Thursday, September 14, 2006

i wanted to comment on cassandra's first post. in the most of the holocaust books i've read, alot of the germans didn't know that the jews were being sent to concentration camps. atleast the younger people didn't. i don't know if any of you have read "Behind the Bedroom Wall" by Laura Williams (which is a super good book!! if you like holocaust books, this one's the one to read), but the young german girl goes to a youth group called Hitler Youth which promotes the fatherland, and puts down jews, so they are brainwashed into thinking all jews are bad. alot of it was the media too, i believe. hitler himself also played a huge roll in convincing the entire german population by radio. i found a quote at

http://www.historyplace.com/worldwar2/hitleryouth/
(there's also alot of good information on hitler youth, such as the activities they used to do, the banner song, the flags they used for the groups, some interesting quotes, and some really good pictures)

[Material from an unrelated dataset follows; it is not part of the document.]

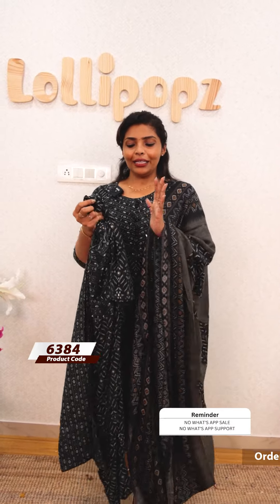It has an elastic waistband. The price is 1449. It is not a perfect fit but it is a very comfortable wear.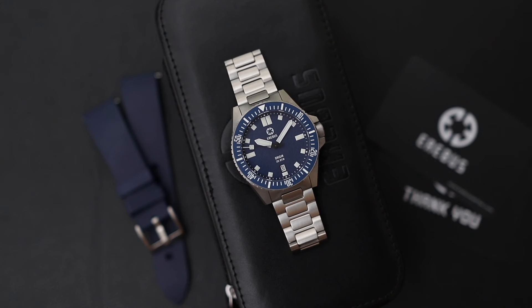Unless you're absolutely brand new to watch collecting, you've probably heard of Jody from One More Watch, and you've probably heard that he launched his own watch company. It's called Airbus, and Origin is their very first offering. Judging by the feedback from customers, this is one of the best value-for-money watches on the market — so let's review it and get to the bottom of this.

"My program for educating youth is hard. Weakness must be hammered away. In my castles of the Teutonic Order a youth will grow up before which the world will tremble. I want a brutal, domineering, fearless, cruel youth. Youth must be all that. It must bear pain. There must be nothing weak and gentle about it. The free, splendid beast of prey must once again flash from its eyes...That is how I will eradicate thousands of years of human domestication...That is how I will create the New Order." -- Adolf Hitler, 1933.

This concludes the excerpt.